Bus melaju cukup kencang di ruas jalan menuju Semarang. Dari kaca jendela bus yang tak bening saya lihat sederatan pepohonan. Setiap bagiannya terlihat sekelebat. Hanya sekerjap saja saya melihat sudah berganti dengan sederetan pepohonan yang lain. Segurat jingga dari kisi-kisi pepohonan merayap bias. Tidak menyilaukan mata. Hanya tampak malu-malu. Sebentuk kekaguman mencuat dari mulut saya.
Terlena sejenak saya pada paduan warna-warna alam itu. Begitu sejuk. Seperti ingin menyatu saja rasanya dengan jingganya matahari dan hijaunya pepohonan. Sore dengan guratan jingga itu membawa saya terlempar ke sebuah kamar di sebuah kota kecil. Dan kisah itu melintas lagi di benak saya… .
Tak usahlah saya cerita panjang lebar tentang kisah saya itu. Saya hanya ingin merasa. Saya merasa terbebaskan. Tak lagi saya dikerangkeng dalam sebuah diktum harus ini atau itu. Tak perlu lagi saya berbohong menyembunyikan sesuatu yang tak disukainya. Tak perlu lagi ada semua itu. Saya bebas!
Tiba-tiba saya terantuk pada ingatan tentang pengorbanan. Berapa banyak sudah yang sudah saya berikan kepadanya? Seberapa besar penderitaan saya untuk mengakui kekurangannya? Seberapa dalam rasa pengertian saya untuk menerima dia dengan segala kekurangan dan kealpaannya? Dan mengapa saya lakukan semuanya dengan kesadaran (atau ketidaksadaran)? Saya seperti orang yang berasal dari dalam bawah tanah. Keluar tersuruk untuk mencari segarnya udara. Susah benar saya mencapai segantang udara segar. Sampai saya mendapatkannya, kemudian merasakannya. Saya melayang dalam udara. Lama saya terbang dan menari di sana. Hingga kesadaran membawa saya terpuruk lagi ke tanah. Bum! Keras dan menyentak.

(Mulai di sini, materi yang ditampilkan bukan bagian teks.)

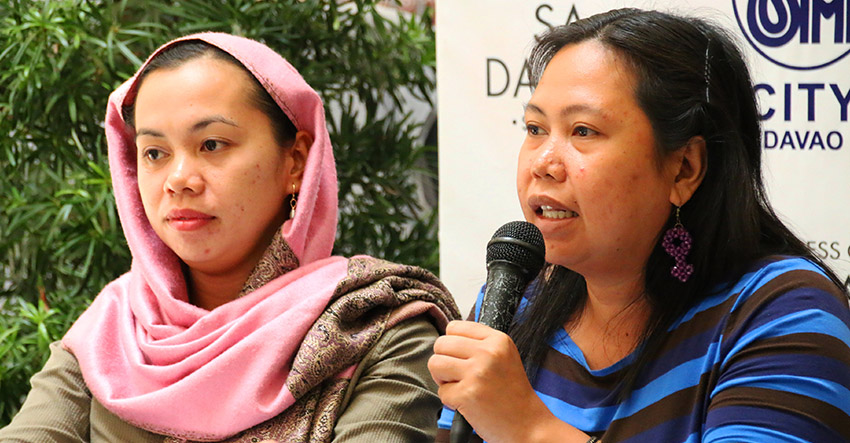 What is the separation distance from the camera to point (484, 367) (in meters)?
1.31

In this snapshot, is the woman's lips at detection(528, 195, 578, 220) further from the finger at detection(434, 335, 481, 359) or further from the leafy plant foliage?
the leafy plant foliage

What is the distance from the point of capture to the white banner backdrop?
245 centimetres

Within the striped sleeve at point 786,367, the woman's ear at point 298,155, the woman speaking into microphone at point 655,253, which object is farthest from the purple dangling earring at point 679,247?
the woman's ear at point 298,155

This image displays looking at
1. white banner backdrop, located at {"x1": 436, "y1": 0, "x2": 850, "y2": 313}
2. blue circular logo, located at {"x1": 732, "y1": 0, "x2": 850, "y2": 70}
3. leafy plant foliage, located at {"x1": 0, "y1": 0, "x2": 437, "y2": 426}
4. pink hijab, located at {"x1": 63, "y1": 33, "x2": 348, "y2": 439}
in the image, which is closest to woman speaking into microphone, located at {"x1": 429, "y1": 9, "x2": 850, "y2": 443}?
pink hijab, located at {"x1": 63, "y1": 33, "x2": 348, "y2": 439}

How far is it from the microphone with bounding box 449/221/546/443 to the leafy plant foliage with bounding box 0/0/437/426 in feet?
5.63

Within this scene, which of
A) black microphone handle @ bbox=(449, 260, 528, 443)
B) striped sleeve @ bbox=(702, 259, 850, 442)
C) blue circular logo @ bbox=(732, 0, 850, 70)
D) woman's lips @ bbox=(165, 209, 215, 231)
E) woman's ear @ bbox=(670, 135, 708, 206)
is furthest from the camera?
blue circular logo @ bbox=(732, 0, 850, 70)

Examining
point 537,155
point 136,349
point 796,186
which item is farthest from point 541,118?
point 796,186

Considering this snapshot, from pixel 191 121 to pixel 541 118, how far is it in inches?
30.5

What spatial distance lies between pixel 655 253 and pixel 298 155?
863mm

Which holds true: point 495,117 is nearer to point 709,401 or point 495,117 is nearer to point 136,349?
point 136,349

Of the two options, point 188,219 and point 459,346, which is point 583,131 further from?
point 188,219

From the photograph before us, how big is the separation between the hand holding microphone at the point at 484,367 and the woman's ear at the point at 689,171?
32 cm

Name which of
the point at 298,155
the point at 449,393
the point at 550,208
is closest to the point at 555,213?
the point at 550,208

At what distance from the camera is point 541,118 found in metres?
1.53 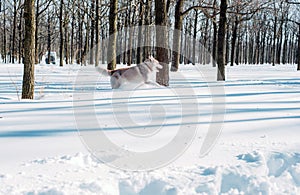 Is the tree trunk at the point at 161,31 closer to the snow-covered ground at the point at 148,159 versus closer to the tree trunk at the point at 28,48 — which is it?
the tree trunk at the point at 28,48

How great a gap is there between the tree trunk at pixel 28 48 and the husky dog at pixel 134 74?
7.46ft

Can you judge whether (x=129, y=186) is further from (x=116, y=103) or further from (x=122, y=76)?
(x=122, y=76)

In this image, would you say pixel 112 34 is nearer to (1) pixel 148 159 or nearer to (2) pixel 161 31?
(2) pixel 161 31

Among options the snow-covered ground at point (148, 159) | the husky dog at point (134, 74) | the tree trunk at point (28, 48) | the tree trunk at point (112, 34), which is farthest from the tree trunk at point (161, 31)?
the snow-covered ground at point (148, 159)

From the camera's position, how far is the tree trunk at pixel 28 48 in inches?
281

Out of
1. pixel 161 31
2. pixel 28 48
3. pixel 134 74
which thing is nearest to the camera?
pixel 28 48

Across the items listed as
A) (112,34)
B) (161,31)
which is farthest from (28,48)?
(112,34)

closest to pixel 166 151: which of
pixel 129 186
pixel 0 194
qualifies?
pixel 129 186

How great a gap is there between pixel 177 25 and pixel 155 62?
23.5ft

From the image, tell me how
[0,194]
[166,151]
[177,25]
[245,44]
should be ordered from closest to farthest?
1. [0,194]
2. [166,151]
3. [177,25]
4. [245,44]

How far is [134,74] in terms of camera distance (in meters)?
8.47

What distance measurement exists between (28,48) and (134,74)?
2.87 metres

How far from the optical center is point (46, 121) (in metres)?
4.16

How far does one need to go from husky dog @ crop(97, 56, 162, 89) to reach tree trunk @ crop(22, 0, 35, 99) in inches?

Ah, saya masih berada di atas bus yang melaju cukup kencang. Seorang lain berada di sebelah saya. Ia duduk saja menatap lurus ke depan. Saya memanggilnya. Ia menengok ke arah saya dengan ekspresi wajah tak berubah. Ingin cerita, kata saya. Ceritalah, balasnya. Dan saya sedikit bercerita. Sedikit saja karena saat saya ingin melanjutkan bercerita mata saya sudah tergenang butir-butir air. Tak tahan saya sampai akhirnya air itu menetes. Satu demi satu.
Saya memalingkan wajah, melihat seberkas jingga di luar sana. Begitu sulitnya saya mencari kebebasan. Padahal manusia dikutuk untuk bebas, kata Albert Camus. Mungkin mencari kebebasan itu perkara yang mudah. Namun, jika pertanyaannya adalah ”bagaimana cara kita memaknai kebebasan?”, itu masalah pelik. Saya telanjur memperhitungkan pengorbanan dan mengkaitkannya dengan kebebasan yang saya peroleh. Dalam hitungan saya pengorbanan besar yang telah saya lakukan dibalas dengan keterbatasan ruang bebas.
Seorang lain yang berada di sebelah saya itu masih melihat ke arah saya. Entah apa yang dipikirkannya. Mungkin kasihan kepada saya atau malah bingung karena saya menangisi masalah itu. Belum habis saya mereka-reka, lengannya sudah berada di depan wajah saya. Seka saja, katanya. Saya tahu wajah ini memang perlu diseka. Pasti berantakan sekali. Nanti kotor, jawab saya. Ga apa, balasnya. Saya seka sisa-sisa tangis saya di lengan bajunya. Tak ketinggalan ingus juga melekat di sana.
Seorang lain yang berada di sebelah saya itu memalingkan wajah. Meninggalkan saya untuk menyendiri. Saya terbenam lagi dalam kubangan kesedihan. Mencari jawaban dari pertanyaan, yang sampai sekarang belum saya temukan. Mungkin seminggu lagi, sebulan kemudian, atau setahun berlalu jawaban itu baru saya dapatkan. Saya buang jauh pandangan saya. Warna jingga tak lagi membias. Bus berlari meninggalkan pepohonan. Tinggal saya yang masih melahap kesendirian.